Mattson (2003) also recognized the importance of emphasizing the same things that managers of operating departments were paying attention to. Thus, in presenting results to managers of a business unit charged with sales and service, he emphasized outcomes attributed to the training program in terms that were important to those managers (volume of sales, employee-retention figures, and improvement in customer service levels). Clearly the “framing” of the message is critical and has a direct effect on its ultimate acceptability.

The sections that follow cover different types of experimental designs. This material is relevant and important for all readers, regardless of background. Even if you are not the person who conducts a study, but simply one who reads a report written by someone else, the discussion of experimental designs will help you to be a better informed, more critical, consumer of that information.

Classical Experimental Designs

An experimental design is a plan, an outline for conceptualizing the relations among the variables of a research study. It also implies how to control the research situation and how to analyze the data (Kerlinger & Lee, 2000; Mitchell & Jolley, 2013). Experimental designs can be used with either internal or external criteria. For example, researchers can collect “before” measures on the job before training and collect “after” measures at the conclusion of training, as well as back on the job at some time after training. Researchers use experimental designs so that they can make causal inferences. That is, by ruling out alternative plausible explanations for observed changes in the outcome of interest, researchers want to be able to say that training caused the changes.

Unfortunately, most experimental designs and most training studies do not permit the causal arrow to point unequivocally toward training (x) as the explanation for observed results (y) (Eden, 2017). To do that, there are three necessary conditions (see Shadish, Cook, & Campbell, 2002, for more on this). The first requirement is that is that y did not occur until after x; the second is that x and y are actually shown to be related; and the third (and most difficult) is that other explanations of the relationship between x and y can be eliminated as plausible rival hypotheses.

· To illustrate, consider a study by Batt (2002). The study examined the relationship among HR practices, employee quit rates, and organizational performance in the service sector. Quit rates were lower in establishments that emphasized high-involvement work systems. Batt (2002) showed that a range of HR practices was beneficial. Does that mean that the investments in training per se “caused” the changes in the quit rates and sales growth? No, but Batt (2002) did not claim that they did. Rather, she concluded that the entire set of HR practices contributed to the positive outcomes. It was impossible to identify the unique contribution of training alone. In fact, Shadish et al.

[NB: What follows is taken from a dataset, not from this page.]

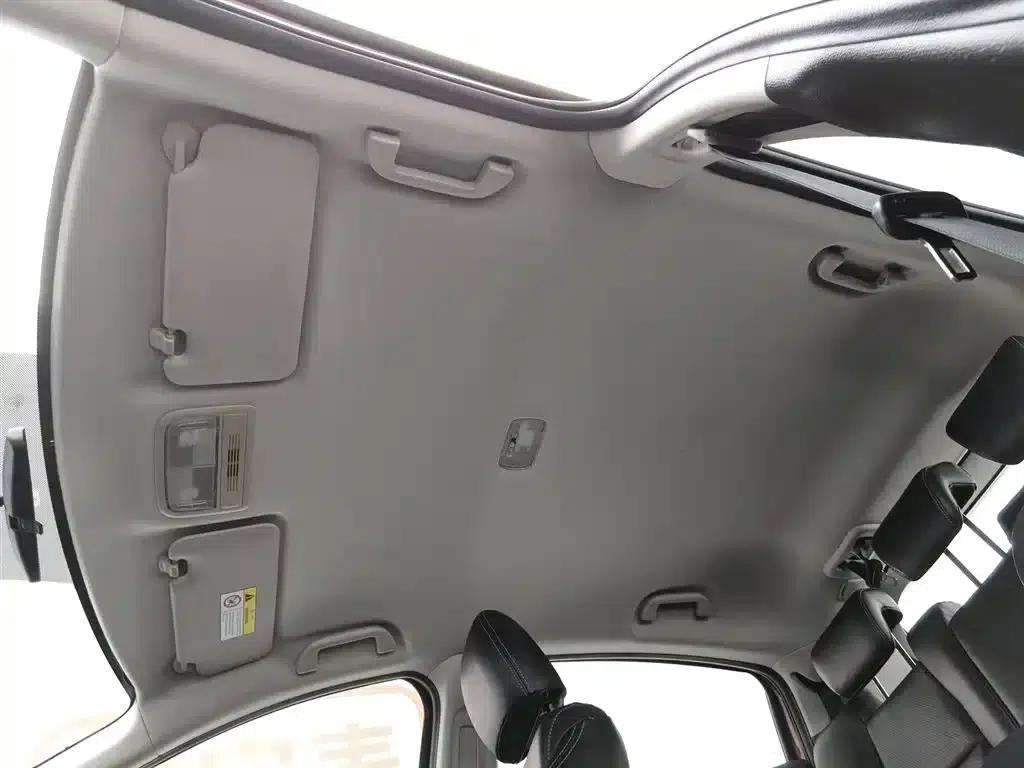 Vezel 2015 1.5L CVT 2WD Comfort Model — миниатюра 14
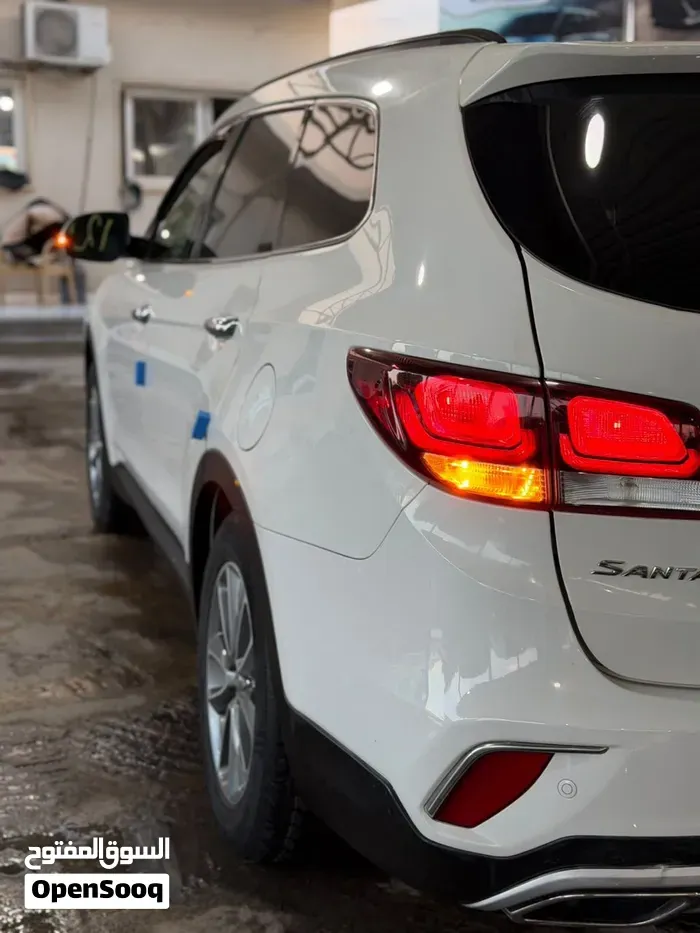Hyundai Santa Fe 2018 photo 4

Statistical-conclusion validity—the validity of inferences about the correlation (covariation) between treatment (e.g., training) and outcome

· Internal validity—the validity of inferences about whether changes in one variable caused changes in another

· Construct validity—the validity of inferences from the persons, settings, and cause-and-effect operations sampled within a study to the constructs these samples represent

· External validity—the validity of inferences about the extent to which results can be generalized across populations, settings, and times

In the context of training, let’s consider 12 of these threats:

· History—specific events occurring between the “before” and “after” measurements in addition to training

· Maturation—ongoing processes within the individual, such as growing older or gaining job experience, which are a function of the passage of time

· Testing—the effect of a pretest on posttest performance

· Instrumentation—the degree to which an instrument may measure different attributes of an individual at two different points in time (e.g., parallel forms of an attitude questionnaire administered before and after training, or different raters rating behavior before and after training)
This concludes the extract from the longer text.